Source data:
= = = = =

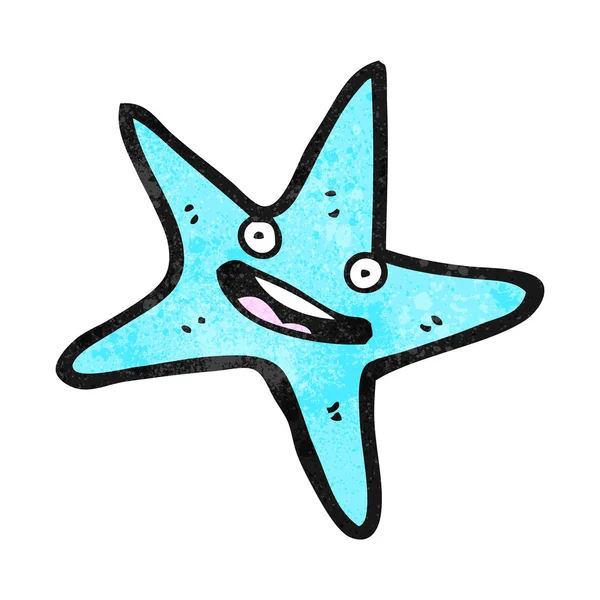 Starfish — Stock Vector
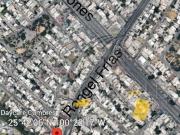 Terrenos en Venta en Cumbres 1 Sector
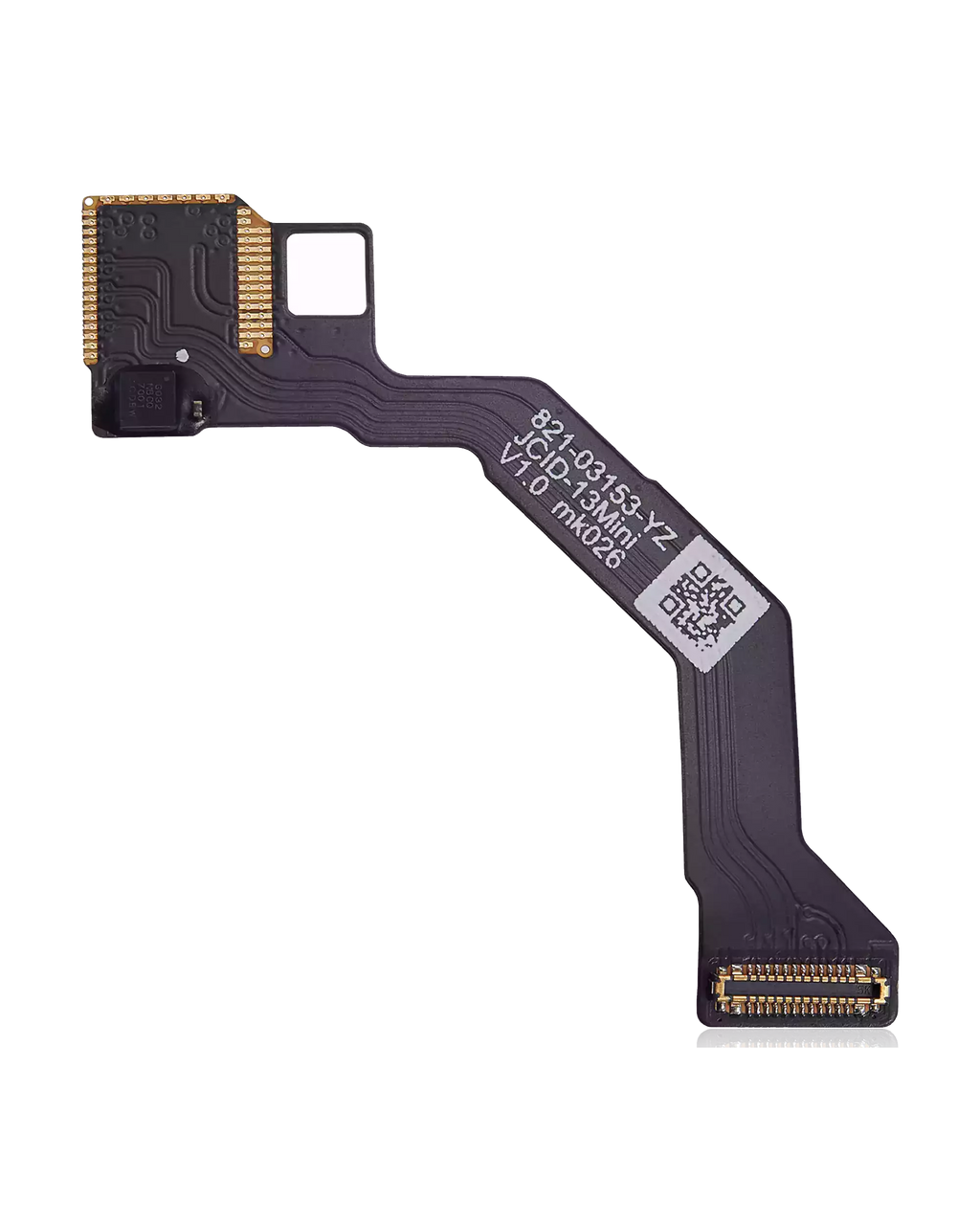 Face ID Dot Projector Flex Kabel für iPhone 13 Mini (Löten erforderlich) (JCID)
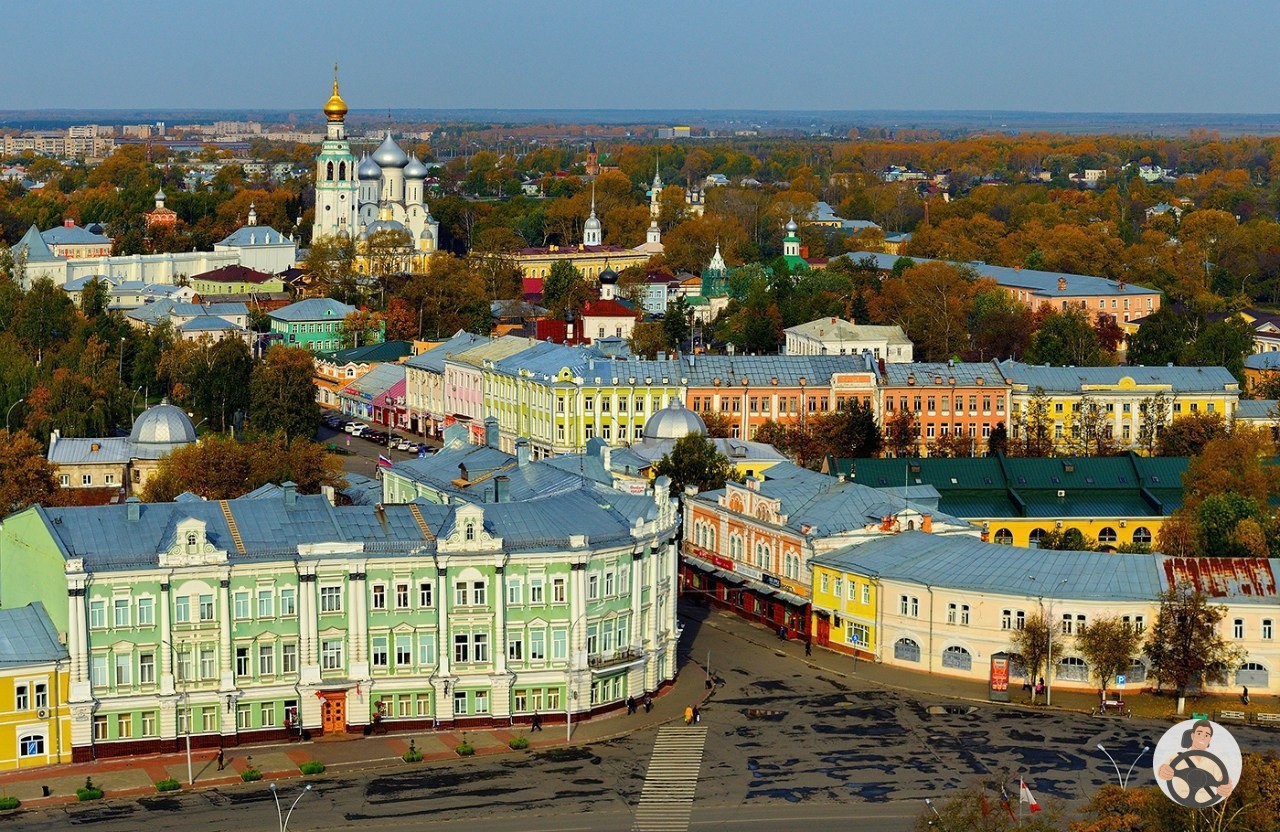 Вологда– это лучшая фотография что нашлась в сети. Если у вас есть фото получше, присылайте в ватсапп +79214405025 с подписью именем города, опубликую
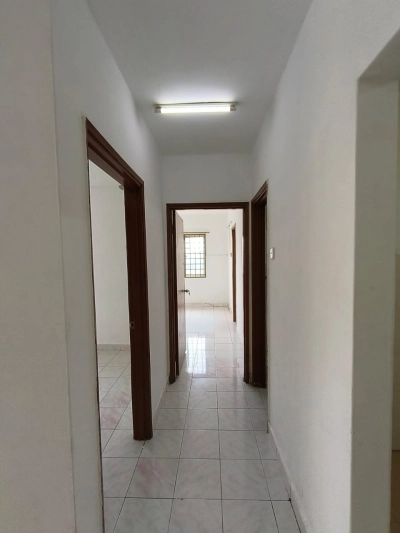 IDAMAN SUTERA CONDO Setapak, Actual, NEW Painting, Reno, Move In Ready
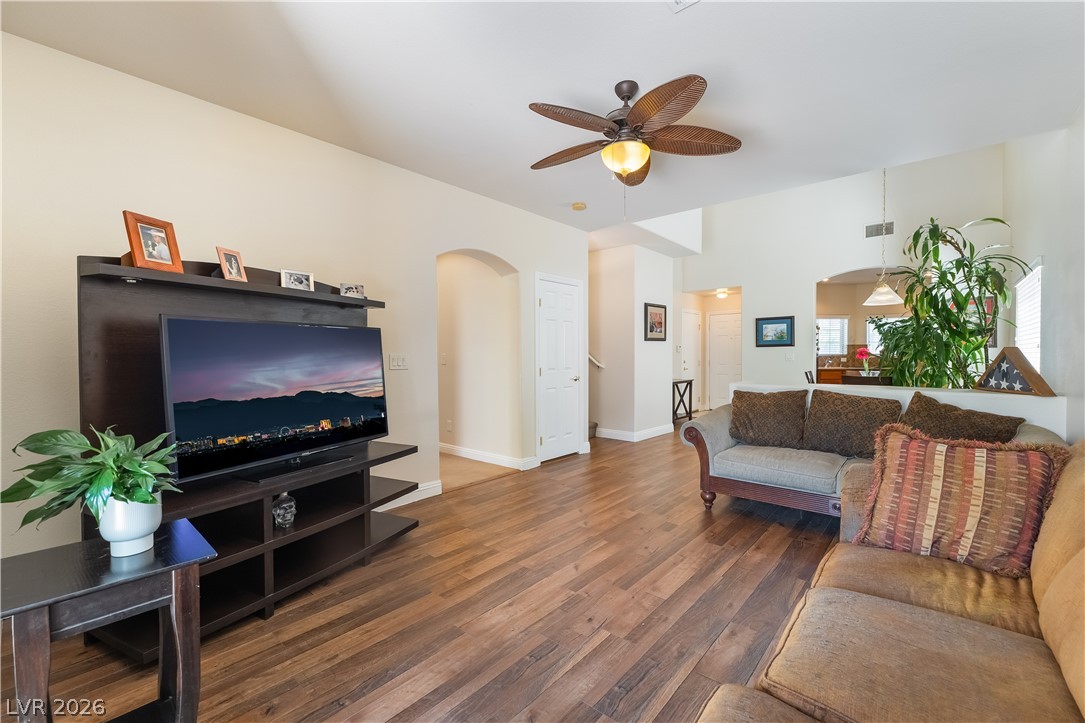 9118 Barnacle Bay Avenue Las Vegas NV 89178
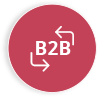 Brand B2B Website Lead Nurture Email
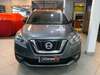 KICKS 1.6 16V FLEXSTART SL 4P XTRONIC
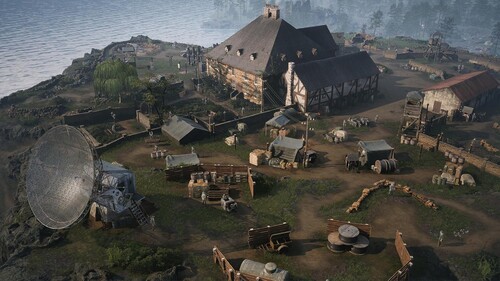 Купить Игра Commandos: Origins - Deluxe Edition (PS5)  5626246. Характеристики, отзывы и цены в Донецке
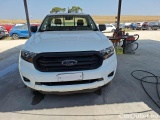  Ford  Ranger FORD  / 2019 / 2P / PICKUP XL 4WD 2.0 ECOBLUE 170CV #7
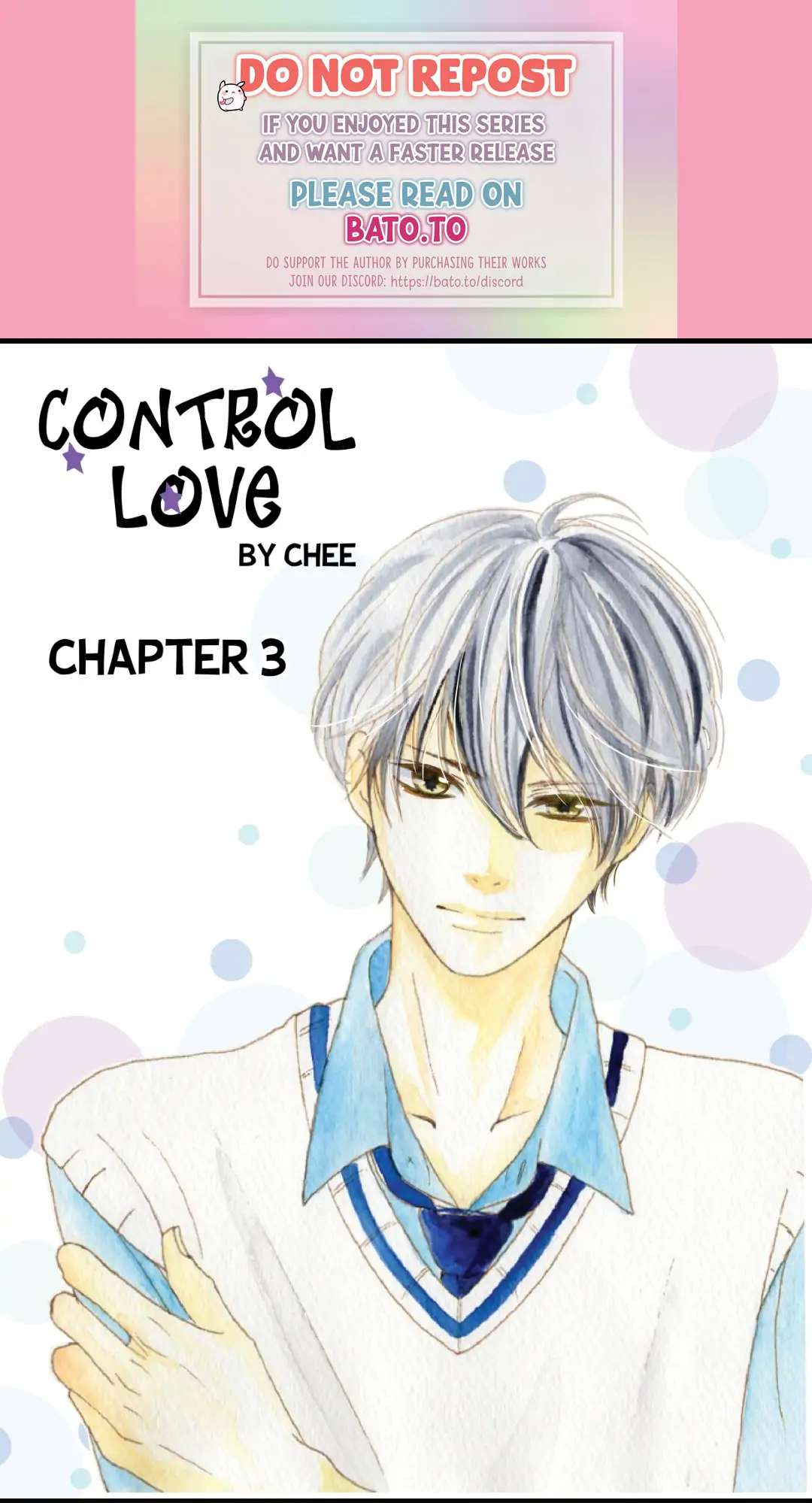 Control Love - Chapter 3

= = = = =

> INSTRUCTIONS TO FOLLOW: Copy the records exactly, minus any pictures.

> FINISHED EXERCISE:
 Starfish — Stock Vector
 Terrenos en Venta en Cumbres 1 Sector
 Face ID Dot Projector Flex Kabel für iPhone 13 Mini (Löten erforderlich) (JCID)
 Вологда– это лучшая фотография что нашлась в сети. Если у вас есть фото получше, присылайте в ватсапп +79214405025 с подписью именем города, опубликую
 IDAMAN SUTERA CONDO Setapak, Actual, NEW Painting, Reno, Move In Ready
 9118 Barnacle Bay Avenue Las Vegas NV 89178
 Brand B2B Website Lead Nurture Email
 KICKS 1.6 16V FLEXSTART SL 4P XTRONIC
 Купить Игра Commandos: Origins - Deluxe Edition (PS5)  5626246. Характеристики, отзывы и цены в Донецке
  Ford  Ranger FORD  / 2019 / 2P / PICKUP XL 4WD 2.0 ECOBLUE 170CV #7
 Control Love - Chapter 3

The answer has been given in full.